START INPUT MATERIAL

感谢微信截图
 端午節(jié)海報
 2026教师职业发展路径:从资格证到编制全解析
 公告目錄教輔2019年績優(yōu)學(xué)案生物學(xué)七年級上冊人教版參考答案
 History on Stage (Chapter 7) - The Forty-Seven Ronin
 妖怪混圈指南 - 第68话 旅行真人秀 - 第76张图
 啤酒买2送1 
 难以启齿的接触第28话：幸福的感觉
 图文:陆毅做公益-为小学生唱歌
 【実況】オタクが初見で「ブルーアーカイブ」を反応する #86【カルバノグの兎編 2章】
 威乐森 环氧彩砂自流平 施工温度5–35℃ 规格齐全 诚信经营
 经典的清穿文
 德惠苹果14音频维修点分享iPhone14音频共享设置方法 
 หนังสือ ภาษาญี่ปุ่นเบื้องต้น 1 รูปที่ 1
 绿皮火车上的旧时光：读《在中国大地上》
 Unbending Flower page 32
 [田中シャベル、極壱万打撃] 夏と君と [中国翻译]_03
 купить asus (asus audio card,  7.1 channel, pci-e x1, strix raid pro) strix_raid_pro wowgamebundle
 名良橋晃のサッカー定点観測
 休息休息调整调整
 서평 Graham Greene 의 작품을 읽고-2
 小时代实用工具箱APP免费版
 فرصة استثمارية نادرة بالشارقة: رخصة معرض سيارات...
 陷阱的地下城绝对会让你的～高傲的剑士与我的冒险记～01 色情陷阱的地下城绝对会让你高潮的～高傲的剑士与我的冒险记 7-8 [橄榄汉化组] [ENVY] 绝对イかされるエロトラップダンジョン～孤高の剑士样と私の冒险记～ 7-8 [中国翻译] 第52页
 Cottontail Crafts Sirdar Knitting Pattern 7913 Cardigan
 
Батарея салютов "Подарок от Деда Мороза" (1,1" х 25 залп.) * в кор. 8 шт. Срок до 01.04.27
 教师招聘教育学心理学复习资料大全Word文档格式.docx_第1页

END INPUT MATERIAL

ASSIGNMENT: Would you return each entry exactly as it reads?

TASK RESULT:
感谢微信截图
 端午節(jié)海報
 2026教师职业发展路径:从资格证到编制全解析
 公告目錄教輔2019年績優(yōu)學(xué)案生物學(xué)七年級上冊人教版參考答案
 History on Stage (Chapter 7) - The Forty-Seven Ronin
 妖怪混圈指南 - 第68话 旅行真人秀 - 第76张图
 啤酒买2送1 
 难以启齿的接触第28话：幸福的感觉
 图文:陆毅做公益-为小学生唱歌
 【実況】オタクが初見で「ブルーアーカイブ」を反応する #86【カルバノグの兎編 2章】
 威乐森 环氧彩砂自流平 施工温度5–35℃ 规格齐全 诚信经营
 经典的清穿文
 德惠苹果14音频维修点分享iPhone14音频共享设置方法 
 หนังสือ ภาษาญี่ปุ่นเบื้องต้น 1 รูปที่ 1
 绿皮火车上的旧时光：读《在中国大地上》
 Unbending Flower page 32
 [田中シャベル、極壱万打撃] 夏と君と [中国翻译]_03
 купить asus (asus audio card,  7.1 channel, pci-e x1, strix raid pro) strix_raid_pro wowgamebundle
 名良橋晃のサッカー定点観測
 休息休息调整调整
 서평 Graham Greene 의 작품을 읽고-2
 小时代实用工具箱APP免费版
 فرصة استثمارية نادرة بالشارقة: رخصة معرض سيارات...
 陷阱的地下城绝对会让你的～高傲的剑士与我的冒险记～01 色情陷阱的地下城绝对会让你高潮的～高傲的剑士与我的冒险记 7-8 [橄榄汉化组] [ENVY] 绝对イかされるエロトラップダンジョン～孤高の剑士样と私の冒险记～ 7-8 [中国翻译] 第52页
 Cottontail Crafts Sirdar Knitting Pattern 7913 Cardigan
 
Батарея салютов "Подарок от Деда Мороза" (1,1" х 25 залп.) * в кор. 8 шт. Срок до 01.04.27
 教师招聘教育学心理学复习资料大全Word文档格式.docx_第1页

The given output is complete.